Oh Priest. We all knew I was going to see this movie. I knew perfectly well what I was getting into. Still I am disappoint. Disappointment is me. Damn you all, Priest could have been awesome, instead you didn't even have the balls to go off the rails into memorable bad movie. You played it safe... ABOUT A MOVIE WHERE NINJA CATHOLIC PRIESTS FIGHT MUTANT VAMPIRES ARE YOU FUCKING INSANE!?!
*cough* right, should get that checked. Sorry. Spoilers ahoy.
Priest takes place on an alternate Earth. It has to because it assumes humanity has been battling strange mutant vampires (with no eyes!) since the middle ages and only the Catholic Church's training of super ninja priest hit squads was able to win the war. The vampire hives (hives?) were destroyed and the few remaining vampires herded into reservations. Sadly the damage of the war was so great (the opening scene has a guy checking for background radiation and soil contamination so I'm assuming nukes were chucked about with wild abandon) that most of humanity fell back into giant dystopian cities that are always dark where people live in a theocratic police state.
Said Theocratic police state is handled wonderfully! You get a sense of crushing order everywhere, people are constantly bombarded with messages stressing the primacy and rightful place of the Church. There are automated confession booths with jackbooted, automatic rifle wielding guards. This place looks like they were practicing for 40K the movie!

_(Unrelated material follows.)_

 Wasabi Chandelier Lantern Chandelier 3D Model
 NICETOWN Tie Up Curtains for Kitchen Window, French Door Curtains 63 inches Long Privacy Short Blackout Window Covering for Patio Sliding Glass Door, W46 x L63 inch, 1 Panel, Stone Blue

Of course the Church is able in 5 minutes to push me to finding them guilty of the sins of Heresy, Blasphemy (if you really want to know ask), Pride and Stupidity. No wonder a group of blind manic non-tool using blood suckers drove us near extinction. In this Alternate Earth we're all idiots.
Let me give an example. The Church goes to great expense and effort to find, train and equip men and women with extreme gifts of violence and supernatural physical abilities. After the war, you now have a group of violent, super fast and strong warriors who are skilled in killing things that can shred through platoons of trained soldiers. The priest do what armies with tanks and cannon cannot with melee weapons and their damn bare hands. You following me so far? So you win the war and you herd the remement population into prisons. What do you do with your war winning weapons of doom and death? You send them to shovel shit. Literally. Hey thanks for saving humanity, now never talk about it or meet each other and go work menial jobs and live on the edge of desperation.

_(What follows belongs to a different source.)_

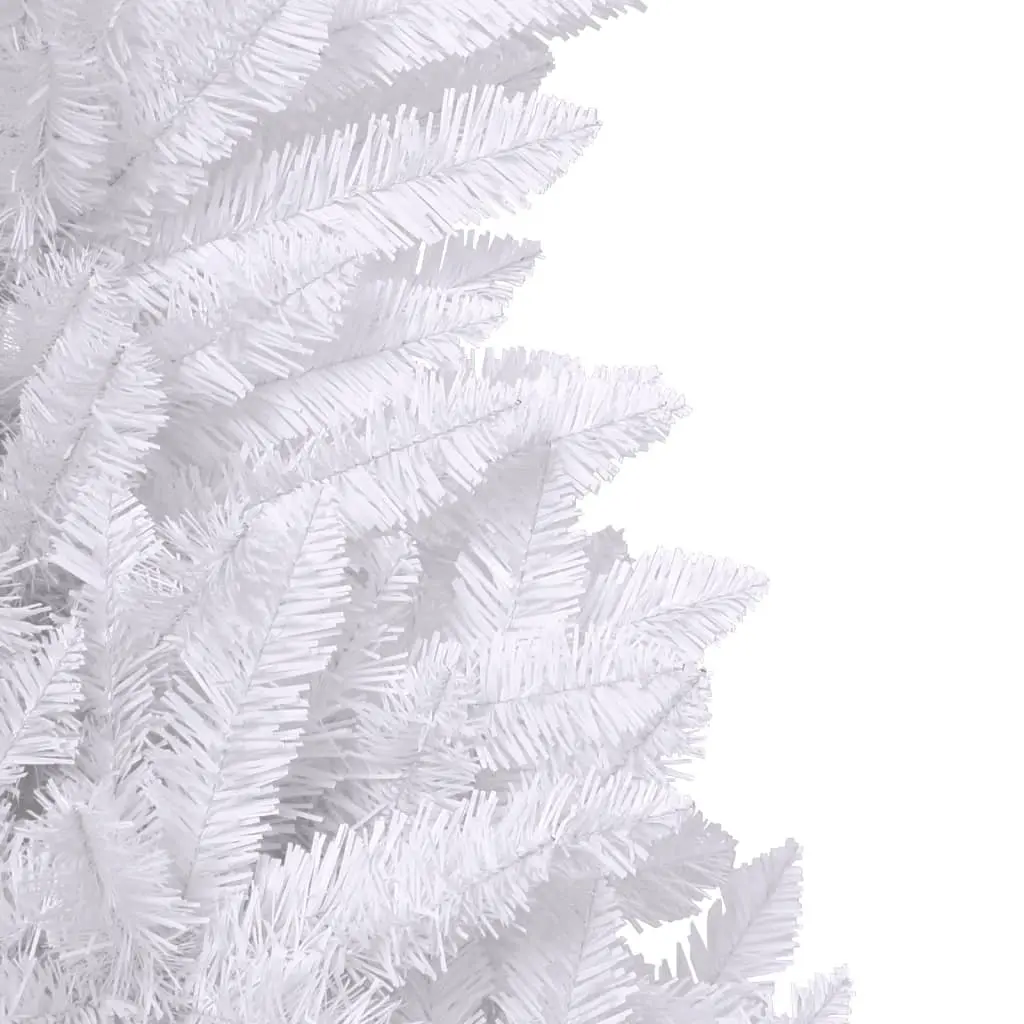 Artificial Christmas Tree White 180cm Hinged Construction with PVC Tips and Metal Stand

I would beat the idiot who suggested that as a policy. Fuck if you're that worried about the Priest (why are worried about them? They're like super loyal until we do something retarded.) then put them to work guarding the damn vampires! I mean fuck! It's something they would actually find fulfillment in doing likely!

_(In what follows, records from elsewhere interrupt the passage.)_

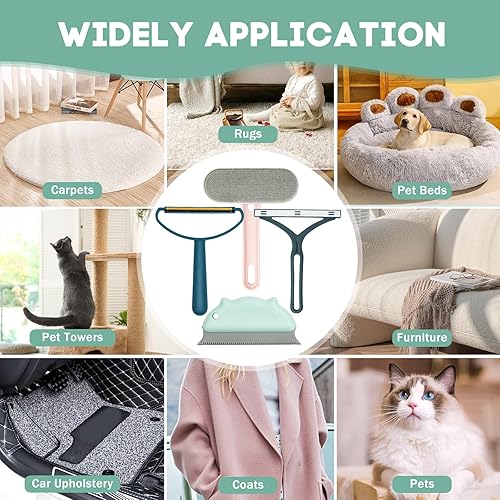 Miniatura 7 de Removedor de pelo de mascotas para sofá, 4 piezas de removedor de pelo de perros y gatos para sofá, herramienta de eliminación de pelo de mascotas,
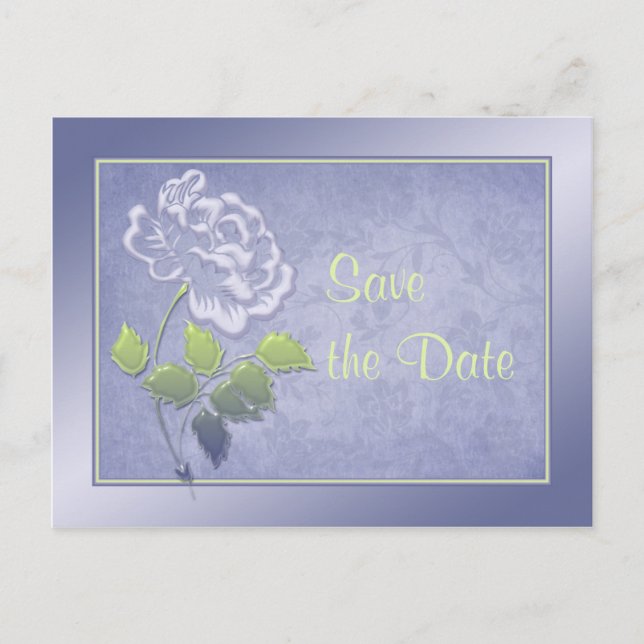 Smoky Heather Blue and Green Floral Save the Date Announcement Postcard (Front)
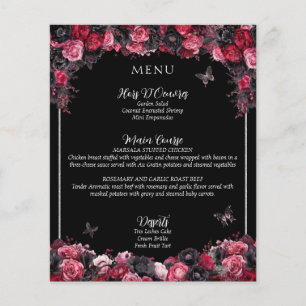 Menú de Quinceañera rosa gótico y negro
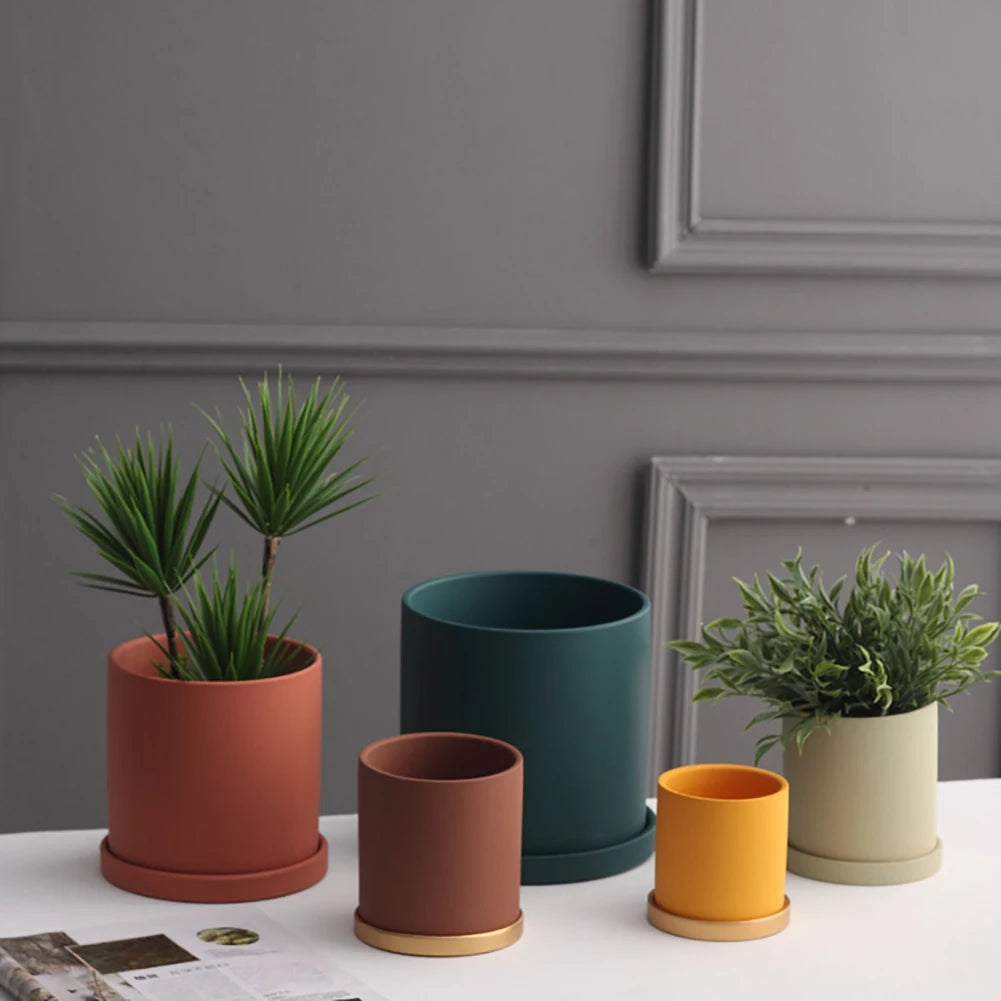 Nordic Ceramic Plant Pot with Tray Colorful Cylinder Succulent Pot Small Planter Flowerpot with Drain Hole Cactus Herb Container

Evil doesn't have to mean retarded guys.
Moving on, our main character, Mr. Grimy Mcmutterson finds out his brother's family was wiped out in a vampire raid (well his sister in law is dead, his brother is dying and his "niece" has been kidnapped). This devilered by Hicks (it's only because of Aliens I remember that) who is Young, Awesome Sheriff CoolMan. Holy Fuck! This is big news, I mean... There shouldn't be any vampires around to raid! So wanting to stay right with God, he goes to the Church and ask for the permission to hunt these fucks down and bring the Rigtheous Wraith of the Almighty God upon them! Can I get a Fuck Yeah?
Church: "Fuck No!"
What!?! But!?! Remember when I said evil doesn't have to mean retarded? I was wrong on this alternate earth. The Chruch declares there can't be any vampires out because they say there can't and sending a priest out to save his family would be gross and panic people (hello? You're a totalitarian state! The people know what you tell them.). So Mcmutterson mutters screw that and kicks some ass and goes off into the waste to track vampires.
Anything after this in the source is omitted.